Why Data Wrangling is the key to Data Science

To know why Data Wrangling is the key to Data Science, first we need to agree on what Data Science is.

What is Data Science?

At Data Dialect we describe Data Science as “The science of solving problems using data.”

The Head of Decision Intelligence at Google, Cassie Kozyrkov, gives it a similar definition:

Data science is the discipline of making data useful.  It’s three subfields involve mining large amounts of information for inspiration (analytics), making decisions wisely based on limited information (statistics), and using patterns in data to automate tasks (ML/AI).”

Whichever area of data science you might venture to, accessing enough high-quality data would be the foundation for the success in your effort.  On the flip side, limited, low-quality data is bound to lead to limited, low-quality results – a kind of “garbage in, garbage out”.

What is enough data?

Analysts have been working with data for decades, even centuries – predicting, forecasting, looking back, finding patterns.  The data used in traditional analysis are mostly structured in low complexity and within a defined sample group, derived from traditional data sources.  This traditional sourcing is resulting in overtraded and crowded, overfitted results.

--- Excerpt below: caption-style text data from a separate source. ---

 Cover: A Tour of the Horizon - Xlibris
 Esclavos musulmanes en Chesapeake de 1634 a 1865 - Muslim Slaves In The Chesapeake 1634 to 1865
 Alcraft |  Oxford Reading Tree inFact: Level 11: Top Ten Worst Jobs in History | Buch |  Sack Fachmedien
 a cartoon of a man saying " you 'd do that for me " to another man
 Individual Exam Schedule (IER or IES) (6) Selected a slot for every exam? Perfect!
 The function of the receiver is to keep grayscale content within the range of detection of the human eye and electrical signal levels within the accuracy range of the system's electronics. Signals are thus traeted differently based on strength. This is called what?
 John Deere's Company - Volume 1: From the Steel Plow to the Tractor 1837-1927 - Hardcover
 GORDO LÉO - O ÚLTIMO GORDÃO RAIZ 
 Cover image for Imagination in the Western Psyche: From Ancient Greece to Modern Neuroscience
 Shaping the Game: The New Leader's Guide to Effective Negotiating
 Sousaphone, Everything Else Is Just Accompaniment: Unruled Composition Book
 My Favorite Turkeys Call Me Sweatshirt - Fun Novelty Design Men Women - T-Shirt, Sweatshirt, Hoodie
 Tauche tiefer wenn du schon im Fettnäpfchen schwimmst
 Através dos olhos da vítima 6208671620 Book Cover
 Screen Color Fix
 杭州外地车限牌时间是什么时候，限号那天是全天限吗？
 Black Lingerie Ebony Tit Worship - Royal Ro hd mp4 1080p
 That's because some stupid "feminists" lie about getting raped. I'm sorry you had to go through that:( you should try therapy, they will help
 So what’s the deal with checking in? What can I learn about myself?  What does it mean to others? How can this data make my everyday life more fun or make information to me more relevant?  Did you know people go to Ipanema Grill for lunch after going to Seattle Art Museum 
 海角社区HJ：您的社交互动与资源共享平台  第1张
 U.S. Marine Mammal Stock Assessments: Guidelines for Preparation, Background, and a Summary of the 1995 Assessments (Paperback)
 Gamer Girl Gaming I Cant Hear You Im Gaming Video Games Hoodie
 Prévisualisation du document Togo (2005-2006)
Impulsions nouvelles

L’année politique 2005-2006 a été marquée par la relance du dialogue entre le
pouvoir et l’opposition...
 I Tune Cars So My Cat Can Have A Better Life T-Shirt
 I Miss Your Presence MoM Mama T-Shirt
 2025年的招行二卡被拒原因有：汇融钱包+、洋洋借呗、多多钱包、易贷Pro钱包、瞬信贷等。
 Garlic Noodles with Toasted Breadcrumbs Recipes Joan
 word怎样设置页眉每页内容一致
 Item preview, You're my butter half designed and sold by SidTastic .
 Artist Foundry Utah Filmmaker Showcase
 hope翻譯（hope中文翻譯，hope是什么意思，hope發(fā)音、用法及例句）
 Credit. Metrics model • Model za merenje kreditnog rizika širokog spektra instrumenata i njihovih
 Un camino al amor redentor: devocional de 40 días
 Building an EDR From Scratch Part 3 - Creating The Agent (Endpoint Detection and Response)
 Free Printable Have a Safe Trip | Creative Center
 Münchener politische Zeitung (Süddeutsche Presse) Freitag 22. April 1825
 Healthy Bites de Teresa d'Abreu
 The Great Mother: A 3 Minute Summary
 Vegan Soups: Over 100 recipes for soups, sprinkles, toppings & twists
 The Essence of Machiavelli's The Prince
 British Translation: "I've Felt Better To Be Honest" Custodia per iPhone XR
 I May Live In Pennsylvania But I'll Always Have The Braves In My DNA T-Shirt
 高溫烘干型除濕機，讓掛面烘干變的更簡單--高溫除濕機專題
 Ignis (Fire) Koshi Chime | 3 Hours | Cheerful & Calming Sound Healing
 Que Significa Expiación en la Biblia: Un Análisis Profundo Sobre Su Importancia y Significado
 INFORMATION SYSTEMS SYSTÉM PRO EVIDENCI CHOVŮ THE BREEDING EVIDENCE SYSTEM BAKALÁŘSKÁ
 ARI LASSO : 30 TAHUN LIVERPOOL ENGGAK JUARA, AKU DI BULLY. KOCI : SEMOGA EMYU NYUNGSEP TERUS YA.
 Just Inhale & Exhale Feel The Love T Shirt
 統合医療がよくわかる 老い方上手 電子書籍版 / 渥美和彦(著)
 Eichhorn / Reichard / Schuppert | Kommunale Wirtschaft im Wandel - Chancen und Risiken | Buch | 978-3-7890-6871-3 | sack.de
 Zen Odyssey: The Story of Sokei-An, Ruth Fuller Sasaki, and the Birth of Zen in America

Big data on the other hand is mostly not structured and results derived from big data are not binary.  Much of big data is found in alternative sources like geo location, online behaviour, consumer spending, web scraping, the internet of things, flight data and behavioural data to name but a few.

Free online public databases like Google Dataset search, World Bank Open Data site and the USA government’s open data and many more also give access to large collections of data.

All this data put together allow us to create mosaic pictures of the world around us.

Using multiple data sources do mean combining data with different structures, from different locations, with different measures of quality, having different formats.

Quantity is no longer a problem – consistent high Quality is.

What is high quality data?

One of the fathers of data science, Hadley Wickham defines high-quality data as data that fulfils the requirements of “Tidy Data”.  He defines “Tidy Data” as datasets that are arranged such that:

  • Each variable is a column
  • Each observation is a row
  • Each type of observational unit is a table

Here is the big leap.  There are masses of unstructured – or dirty – datasets available to us.  For this dirty data to be made useful whether it’s with analytics, statistics or machine learning, it needs to be reordered into tidy (alas not tiny) datasets.  Getting from dirty to tidy the data needs to be obtained from a combination of structures, scrubbed to clean out the noise and explored to understand the quality of the data.  In short, Data Wrangling is needed to get from dirty to tidy high quality data.

What is Data Wrangling?

Data Wrangling is as much an art as it is a science.  This is mostly because there is no ‘one size fit all’ recipe to follow – rather a couple of broad steps backed by principles and techniques.

There is no guarantee that a dataset will fit or be able to answer the business need after grinding through the wrangling mill.  Data Wrangling will however produce a clean dataset, highlighting its strengths and weaknesses, allowing for an informed decision on next steps.

  1. Obtaining the data

Data can be obtained in multiple formats. The aim of obtaining the data is to get the data into an accessible format.  It could imply unzipping zipped files, merging similar files, picking information from text files, decoding graphical files, scraping information from web sites or obtaining information from streams like Twitter or WhatsApp.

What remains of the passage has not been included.